As one of the other survivors says ‘war leaves a mess’. A bit of an understatement but obviously true but our realisation of that fact doesn’t make us any less likely, willing or even enthusiastic to send an ever-increasing numbers of men and women into conflict zones.
If the autobiography upon which the film is based, as well as the film itself, was arguing, if nothing else, that ‘war leaves a mess’ then surely we should be doing all we can to prevent such a mess from being created in the first place. This is especially so in a country that has been playing fast and loose with war since the disgrace and national shame of the Malvinas War of 1982.
Since then another Prime Minister, with an equal eye on history, has indulged his fantasy of long-lasting fame and, faced with gutless, opportunist and pusillanimous politicians and a weak population who oppose initially but support when ‘it’s our boys (and girls)’, has taken us along a road of never-ending conflict. When GW declared (probably the only true thing he ever said) that the ‘war against terror’ doesn’t have an end even he, I’m sure, didn’t expect that conflicts would be sprouting throughout the globe like poppies on the pockmarked, once agricultural, areas of Belgium.
So, I suppose, I’m asking what’s the purpose of this film (or any such like), this story of a personal tragedy?

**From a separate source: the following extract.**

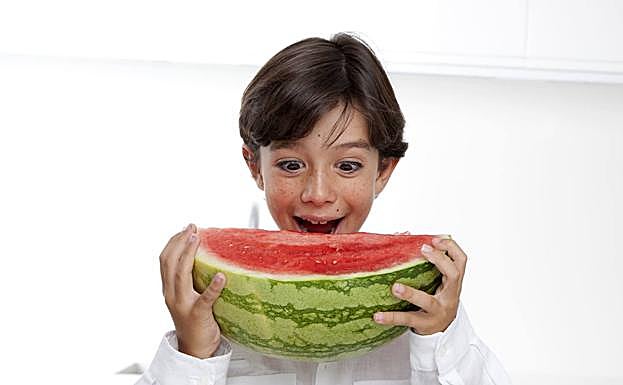 En España se consume unos 8 kilos de sandía por persona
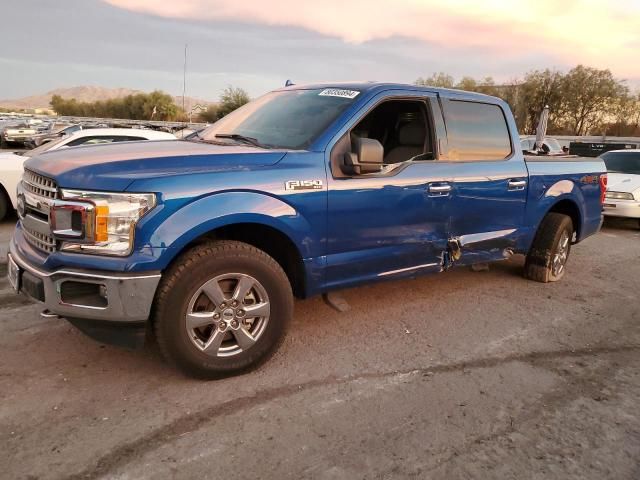 2018 Ford F150 Supercrew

Is it to ‘remind us’ that the British were the ‘good guys’ in the 1939-45 war? Is it to say, in the long-held Hollywood tradition, that the love of a good woman will bring resolution and redemption? Is it to say that revenge isn’t necessary and would probably have an even worse effect on he who perpetrated that revenge (as was the main point of the most recent film about South African apartheid, Mandela: Long Walk to Freedom)?
Because the whole idea of forgiveness is ludicrous if we allow the circumstances where such acts of barbarity can be committed to exist in the first place.
It’s the same about post traumatic stress disorder (PTSD). In WWI it was described as shell shock and treated as a weakness and very often as an excuse for cowardice. This was the case even in the years following the war when damaged men were seen and written about throughout Western European society (I’ve never read or heard about the effects the war might have made on those soldiers from the British colonies of the time, from India and Africa).
Now it’s a recognised illness and has been (although grudgingly by the state) accepted as a consequence of conflict since the United States invasion of Vietnam in the 1960s. However, in those major wars the majority of the soldiers involved were conscripts, not all, but the majority. For me that paints a different picture. To forcibly take a young man from his home environment, send him to a strange and exotic land where he’s invariably like the proverbial fish out of water, expect him to kill, commit atrocities in the name their particular State, and put his own life on the line it’s not then surprising if some of them go doolally.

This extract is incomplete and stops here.